Old memories lead to new understandings. I had to become a parent to really appreciate my own parents’ extravagance. They wanted nothing more than to make us happy, no matter what the cost. The Christmases they gave us connect to the year-round love they lived for us.
The second angle, down at the right base of the triangle tree, is an increasing awareness of the frantic frenzy that can dominate the season and tarnish the star. This, too, is a function of getting older and seeing the combination of commercialization mixed with frantic frenzy–having to find just the right gift to give to each person on your list so they won’t be disappointed.
The tension includes sending and receiving cards-and feeling remiss when you get a card from someone to whom you didn’t send one. It’s about the dollar price tag of Christmas; it’s about shopping with credit cards. Sometimes it’s just a low-level anxiety about it all, sometimes it’s a matter of trying to repress the high level of un-ease that seems to surround this season.
Then there’s the third angle at the left base of the triangle tree. This is where the minister in me comes elbowing in by reminding me that it is a difficult time for many people because the losses of a lifetime that have accumulated. Grief doesn’t go away. It is stored like Christmas ornaments in the attic, it gets taken out at this time of year, and the box is opened and we’re surprised by sorrow.
From Thanksgiving to New Year’s Eve that big box of bereavements is opened and old pain pops up like the jack-in-the-box when you turn the crank. It hurts, again.

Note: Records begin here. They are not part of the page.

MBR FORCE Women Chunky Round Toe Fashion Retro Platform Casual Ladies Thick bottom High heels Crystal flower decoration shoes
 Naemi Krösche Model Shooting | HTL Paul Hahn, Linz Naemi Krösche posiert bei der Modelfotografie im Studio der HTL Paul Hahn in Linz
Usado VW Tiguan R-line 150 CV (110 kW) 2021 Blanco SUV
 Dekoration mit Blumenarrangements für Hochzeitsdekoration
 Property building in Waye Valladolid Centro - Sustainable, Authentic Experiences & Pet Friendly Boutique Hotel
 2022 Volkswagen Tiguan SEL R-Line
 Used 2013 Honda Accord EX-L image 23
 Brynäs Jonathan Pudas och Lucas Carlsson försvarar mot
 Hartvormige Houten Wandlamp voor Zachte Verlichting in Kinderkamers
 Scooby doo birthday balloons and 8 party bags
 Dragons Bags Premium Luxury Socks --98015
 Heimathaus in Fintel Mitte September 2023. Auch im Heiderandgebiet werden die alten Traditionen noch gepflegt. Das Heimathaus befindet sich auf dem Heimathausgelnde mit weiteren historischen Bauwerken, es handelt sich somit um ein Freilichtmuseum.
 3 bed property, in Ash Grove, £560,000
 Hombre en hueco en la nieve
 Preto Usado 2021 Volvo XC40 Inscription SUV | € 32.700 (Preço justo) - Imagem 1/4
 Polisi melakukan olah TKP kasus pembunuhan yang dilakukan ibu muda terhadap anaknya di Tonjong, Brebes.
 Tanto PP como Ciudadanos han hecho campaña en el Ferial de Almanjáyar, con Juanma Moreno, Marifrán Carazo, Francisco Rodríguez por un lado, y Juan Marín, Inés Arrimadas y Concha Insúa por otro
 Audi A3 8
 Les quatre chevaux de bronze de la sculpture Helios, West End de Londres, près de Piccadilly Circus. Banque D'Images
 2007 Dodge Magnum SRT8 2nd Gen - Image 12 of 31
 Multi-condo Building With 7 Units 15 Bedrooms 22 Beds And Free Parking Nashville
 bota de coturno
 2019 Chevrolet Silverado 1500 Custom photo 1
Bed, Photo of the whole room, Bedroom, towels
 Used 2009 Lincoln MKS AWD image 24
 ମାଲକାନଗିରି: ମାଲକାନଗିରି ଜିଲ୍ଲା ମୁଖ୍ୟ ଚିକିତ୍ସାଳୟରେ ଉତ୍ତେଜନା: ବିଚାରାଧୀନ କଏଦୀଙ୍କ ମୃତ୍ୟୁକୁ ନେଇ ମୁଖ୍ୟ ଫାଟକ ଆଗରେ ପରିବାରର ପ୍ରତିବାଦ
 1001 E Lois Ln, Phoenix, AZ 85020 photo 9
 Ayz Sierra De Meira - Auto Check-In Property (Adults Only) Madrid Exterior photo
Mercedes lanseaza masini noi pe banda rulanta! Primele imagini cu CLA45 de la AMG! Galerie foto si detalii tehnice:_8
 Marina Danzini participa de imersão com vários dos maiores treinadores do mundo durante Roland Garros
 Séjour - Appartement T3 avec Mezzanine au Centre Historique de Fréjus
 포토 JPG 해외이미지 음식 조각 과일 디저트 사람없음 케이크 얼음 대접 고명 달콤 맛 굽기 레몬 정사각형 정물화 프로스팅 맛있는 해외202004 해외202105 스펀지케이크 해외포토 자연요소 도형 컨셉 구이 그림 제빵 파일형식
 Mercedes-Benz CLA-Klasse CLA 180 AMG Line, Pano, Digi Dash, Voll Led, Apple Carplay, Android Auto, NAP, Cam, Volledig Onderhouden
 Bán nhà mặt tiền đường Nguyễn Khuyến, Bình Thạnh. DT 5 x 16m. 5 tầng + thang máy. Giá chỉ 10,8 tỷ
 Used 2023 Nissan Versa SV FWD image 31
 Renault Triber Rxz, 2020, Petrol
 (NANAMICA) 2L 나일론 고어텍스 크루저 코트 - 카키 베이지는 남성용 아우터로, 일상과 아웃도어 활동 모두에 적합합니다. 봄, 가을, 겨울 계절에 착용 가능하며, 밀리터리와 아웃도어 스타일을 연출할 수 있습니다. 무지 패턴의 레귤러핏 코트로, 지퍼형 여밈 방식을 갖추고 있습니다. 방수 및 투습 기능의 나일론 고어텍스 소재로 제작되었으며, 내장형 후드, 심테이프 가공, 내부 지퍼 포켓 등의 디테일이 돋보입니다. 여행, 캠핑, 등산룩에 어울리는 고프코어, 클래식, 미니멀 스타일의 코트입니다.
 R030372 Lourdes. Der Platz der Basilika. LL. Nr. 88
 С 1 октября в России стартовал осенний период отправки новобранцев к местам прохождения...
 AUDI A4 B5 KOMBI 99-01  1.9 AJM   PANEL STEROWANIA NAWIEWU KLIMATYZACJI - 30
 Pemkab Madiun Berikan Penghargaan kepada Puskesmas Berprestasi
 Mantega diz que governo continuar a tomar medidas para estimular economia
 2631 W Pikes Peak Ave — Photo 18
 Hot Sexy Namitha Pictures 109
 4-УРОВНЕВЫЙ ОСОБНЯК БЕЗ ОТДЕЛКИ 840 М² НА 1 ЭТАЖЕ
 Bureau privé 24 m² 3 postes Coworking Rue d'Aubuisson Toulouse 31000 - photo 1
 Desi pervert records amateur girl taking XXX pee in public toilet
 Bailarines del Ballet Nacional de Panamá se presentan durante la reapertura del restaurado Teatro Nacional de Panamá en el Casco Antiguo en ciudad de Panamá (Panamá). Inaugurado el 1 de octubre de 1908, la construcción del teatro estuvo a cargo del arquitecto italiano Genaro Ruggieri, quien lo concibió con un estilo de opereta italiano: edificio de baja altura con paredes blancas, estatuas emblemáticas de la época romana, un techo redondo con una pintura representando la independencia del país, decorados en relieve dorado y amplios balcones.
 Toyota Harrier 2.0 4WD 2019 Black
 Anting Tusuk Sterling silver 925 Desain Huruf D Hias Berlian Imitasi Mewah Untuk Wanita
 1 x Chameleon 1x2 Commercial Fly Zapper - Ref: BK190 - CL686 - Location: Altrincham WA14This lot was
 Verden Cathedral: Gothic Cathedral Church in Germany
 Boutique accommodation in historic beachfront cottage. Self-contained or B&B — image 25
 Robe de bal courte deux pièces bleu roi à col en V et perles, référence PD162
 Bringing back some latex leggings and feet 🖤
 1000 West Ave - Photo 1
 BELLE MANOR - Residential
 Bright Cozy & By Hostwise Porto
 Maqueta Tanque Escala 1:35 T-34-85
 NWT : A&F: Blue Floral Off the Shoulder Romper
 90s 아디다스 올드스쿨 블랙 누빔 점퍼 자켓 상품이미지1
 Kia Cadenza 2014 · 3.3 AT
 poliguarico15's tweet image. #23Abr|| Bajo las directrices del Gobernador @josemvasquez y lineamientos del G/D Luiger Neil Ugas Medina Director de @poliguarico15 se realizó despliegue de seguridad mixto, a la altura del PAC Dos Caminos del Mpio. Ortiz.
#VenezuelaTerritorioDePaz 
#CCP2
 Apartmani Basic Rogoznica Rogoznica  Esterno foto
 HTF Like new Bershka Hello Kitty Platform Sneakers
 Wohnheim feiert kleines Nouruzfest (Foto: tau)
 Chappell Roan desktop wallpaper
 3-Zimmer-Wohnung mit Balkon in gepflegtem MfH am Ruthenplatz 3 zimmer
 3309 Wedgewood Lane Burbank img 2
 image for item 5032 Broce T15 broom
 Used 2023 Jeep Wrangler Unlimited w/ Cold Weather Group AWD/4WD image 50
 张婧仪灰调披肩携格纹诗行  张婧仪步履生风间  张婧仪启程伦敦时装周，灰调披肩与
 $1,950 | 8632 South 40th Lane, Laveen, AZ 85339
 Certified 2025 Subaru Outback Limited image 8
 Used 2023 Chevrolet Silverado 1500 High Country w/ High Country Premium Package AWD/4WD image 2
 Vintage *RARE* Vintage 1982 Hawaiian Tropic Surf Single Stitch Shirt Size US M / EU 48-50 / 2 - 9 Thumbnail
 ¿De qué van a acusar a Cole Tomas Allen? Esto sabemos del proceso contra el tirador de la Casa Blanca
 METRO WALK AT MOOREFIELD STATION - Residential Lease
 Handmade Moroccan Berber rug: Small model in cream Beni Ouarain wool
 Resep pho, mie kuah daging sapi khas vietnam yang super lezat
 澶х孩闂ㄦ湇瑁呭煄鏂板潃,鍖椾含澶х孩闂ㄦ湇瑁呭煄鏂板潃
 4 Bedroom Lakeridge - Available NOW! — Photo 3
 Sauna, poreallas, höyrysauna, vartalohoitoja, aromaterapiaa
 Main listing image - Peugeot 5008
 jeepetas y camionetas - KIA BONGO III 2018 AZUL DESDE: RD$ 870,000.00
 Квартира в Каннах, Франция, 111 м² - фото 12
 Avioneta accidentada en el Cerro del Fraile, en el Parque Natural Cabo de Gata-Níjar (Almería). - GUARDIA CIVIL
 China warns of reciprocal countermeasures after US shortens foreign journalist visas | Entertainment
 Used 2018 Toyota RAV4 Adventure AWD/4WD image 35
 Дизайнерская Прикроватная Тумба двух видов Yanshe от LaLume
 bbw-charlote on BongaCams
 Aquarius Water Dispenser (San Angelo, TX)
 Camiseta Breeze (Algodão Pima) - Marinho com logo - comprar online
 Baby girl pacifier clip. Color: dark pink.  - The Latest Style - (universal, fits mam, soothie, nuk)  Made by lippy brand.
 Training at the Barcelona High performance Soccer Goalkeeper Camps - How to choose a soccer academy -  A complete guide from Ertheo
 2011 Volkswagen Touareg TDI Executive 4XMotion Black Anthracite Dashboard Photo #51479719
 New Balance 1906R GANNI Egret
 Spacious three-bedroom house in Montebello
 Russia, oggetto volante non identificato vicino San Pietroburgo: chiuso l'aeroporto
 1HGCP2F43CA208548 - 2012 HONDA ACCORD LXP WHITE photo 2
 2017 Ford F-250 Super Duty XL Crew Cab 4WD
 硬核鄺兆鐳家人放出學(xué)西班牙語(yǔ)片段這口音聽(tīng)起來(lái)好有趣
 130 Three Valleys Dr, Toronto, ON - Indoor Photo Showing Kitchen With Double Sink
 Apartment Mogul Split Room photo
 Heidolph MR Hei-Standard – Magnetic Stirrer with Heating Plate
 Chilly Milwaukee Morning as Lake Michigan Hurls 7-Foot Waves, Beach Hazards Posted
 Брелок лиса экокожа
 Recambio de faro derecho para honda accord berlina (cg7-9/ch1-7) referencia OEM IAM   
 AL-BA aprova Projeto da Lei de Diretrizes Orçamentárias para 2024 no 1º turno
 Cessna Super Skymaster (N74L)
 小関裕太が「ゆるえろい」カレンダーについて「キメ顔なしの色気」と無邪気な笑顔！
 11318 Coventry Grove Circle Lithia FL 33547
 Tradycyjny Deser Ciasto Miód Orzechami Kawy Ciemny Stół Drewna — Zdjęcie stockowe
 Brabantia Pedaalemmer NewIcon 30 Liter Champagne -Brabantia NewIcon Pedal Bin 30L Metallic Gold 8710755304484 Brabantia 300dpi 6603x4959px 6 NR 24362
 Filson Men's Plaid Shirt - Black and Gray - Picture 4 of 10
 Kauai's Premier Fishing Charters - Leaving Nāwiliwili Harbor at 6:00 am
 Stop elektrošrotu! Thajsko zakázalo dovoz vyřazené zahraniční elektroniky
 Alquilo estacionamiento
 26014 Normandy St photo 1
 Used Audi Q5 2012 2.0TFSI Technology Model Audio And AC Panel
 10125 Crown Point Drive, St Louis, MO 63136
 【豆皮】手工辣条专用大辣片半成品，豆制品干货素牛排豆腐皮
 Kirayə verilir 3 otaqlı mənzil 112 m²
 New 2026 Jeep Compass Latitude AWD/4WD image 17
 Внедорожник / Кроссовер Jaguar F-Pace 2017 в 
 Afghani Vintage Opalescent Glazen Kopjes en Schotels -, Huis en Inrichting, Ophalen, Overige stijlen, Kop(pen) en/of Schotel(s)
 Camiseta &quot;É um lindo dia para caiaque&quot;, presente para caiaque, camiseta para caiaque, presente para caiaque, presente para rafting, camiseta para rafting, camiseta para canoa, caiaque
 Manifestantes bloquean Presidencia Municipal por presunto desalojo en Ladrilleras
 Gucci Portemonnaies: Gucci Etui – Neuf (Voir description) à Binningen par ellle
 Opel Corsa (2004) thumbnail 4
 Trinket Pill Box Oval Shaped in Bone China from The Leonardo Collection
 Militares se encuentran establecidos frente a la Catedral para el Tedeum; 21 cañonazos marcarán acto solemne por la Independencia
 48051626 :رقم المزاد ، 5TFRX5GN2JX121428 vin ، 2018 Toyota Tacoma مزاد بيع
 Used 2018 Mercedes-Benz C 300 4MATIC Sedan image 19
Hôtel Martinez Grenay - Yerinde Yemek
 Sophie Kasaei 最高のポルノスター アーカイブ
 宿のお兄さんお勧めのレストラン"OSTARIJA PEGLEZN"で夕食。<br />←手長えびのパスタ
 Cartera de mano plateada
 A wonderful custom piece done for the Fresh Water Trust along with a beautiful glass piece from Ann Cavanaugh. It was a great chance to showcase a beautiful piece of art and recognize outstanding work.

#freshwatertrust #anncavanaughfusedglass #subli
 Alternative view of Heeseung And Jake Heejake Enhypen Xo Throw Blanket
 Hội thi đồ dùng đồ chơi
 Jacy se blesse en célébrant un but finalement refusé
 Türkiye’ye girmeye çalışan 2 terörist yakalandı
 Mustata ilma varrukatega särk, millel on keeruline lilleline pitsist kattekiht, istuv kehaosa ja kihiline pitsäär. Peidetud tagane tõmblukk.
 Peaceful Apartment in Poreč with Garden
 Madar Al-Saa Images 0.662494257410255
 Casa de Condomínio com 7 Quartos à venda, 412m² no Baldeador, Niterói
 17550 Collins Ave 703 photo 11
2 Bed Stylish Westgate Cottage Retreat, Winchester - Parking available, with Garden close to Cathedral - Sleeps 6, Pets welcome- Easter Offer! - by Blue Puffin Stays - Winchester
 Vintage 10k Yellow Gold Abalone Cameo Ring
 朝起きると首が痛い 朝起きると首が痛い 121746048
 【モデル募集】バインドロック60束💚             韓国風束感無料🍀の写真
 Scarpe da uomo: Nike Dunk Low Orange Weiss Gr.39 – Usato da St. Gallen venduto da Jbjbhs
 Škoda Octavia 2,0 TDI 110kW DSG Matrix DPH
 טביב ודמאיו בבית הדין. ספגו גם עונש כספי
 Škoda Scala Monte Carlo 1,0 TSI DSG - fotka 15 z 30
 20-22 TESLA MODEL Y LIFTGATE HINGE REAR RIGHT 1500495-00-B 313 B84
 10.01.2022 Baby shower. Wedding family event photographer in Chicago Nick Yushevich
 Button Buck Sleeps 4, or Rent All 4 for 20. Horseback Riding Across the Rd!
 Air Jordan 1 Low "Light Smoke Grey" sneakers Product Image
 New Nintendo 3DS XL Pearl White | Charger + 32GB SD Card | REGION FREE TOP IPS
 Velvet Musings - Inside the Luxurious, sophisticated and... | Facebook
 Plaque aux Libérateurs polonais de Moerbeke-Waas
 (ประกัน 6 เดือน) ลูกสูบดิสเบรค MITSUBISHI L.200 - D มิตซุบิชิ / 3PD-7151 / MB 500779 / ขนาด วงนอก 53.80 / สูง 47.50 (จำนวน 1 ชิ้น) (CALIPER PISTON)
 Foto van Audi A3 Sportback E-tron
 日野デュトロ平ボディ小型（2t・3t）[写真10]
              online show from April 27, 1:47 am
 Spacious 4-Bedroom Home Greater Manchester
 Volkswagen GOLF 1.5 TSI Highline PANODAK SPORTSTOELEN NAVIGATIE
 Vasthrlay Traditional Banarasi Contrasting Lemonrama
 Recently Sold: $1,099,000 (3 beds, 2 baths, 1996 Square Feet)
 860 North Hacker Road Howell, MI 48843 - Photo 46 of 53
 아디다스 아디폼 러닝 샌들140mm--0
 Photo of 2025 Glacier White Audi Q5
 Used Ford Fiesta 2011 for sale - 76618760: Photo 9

The sting of every old grief is sharpened at the turn of this season’s wheel.
One kind of grief that we don’t talk much about is the grief of things that never happened. That kind of loss is hardest of all to recognize, much less acknowledge. We’ve all got a box full of old disappointments.
The passing of the years, the accumulation of experience, broadens the base and pushes the star down making an equilateral triangle. While I want to encourage you to celebrate the bright star at the top of your tree, to catch the spirit of the season, I also want to acknowledge the other parts. You’re not alone in the struggle.
I hope to see you on Christmas Eve so we can sing Silent Night together by candlelight.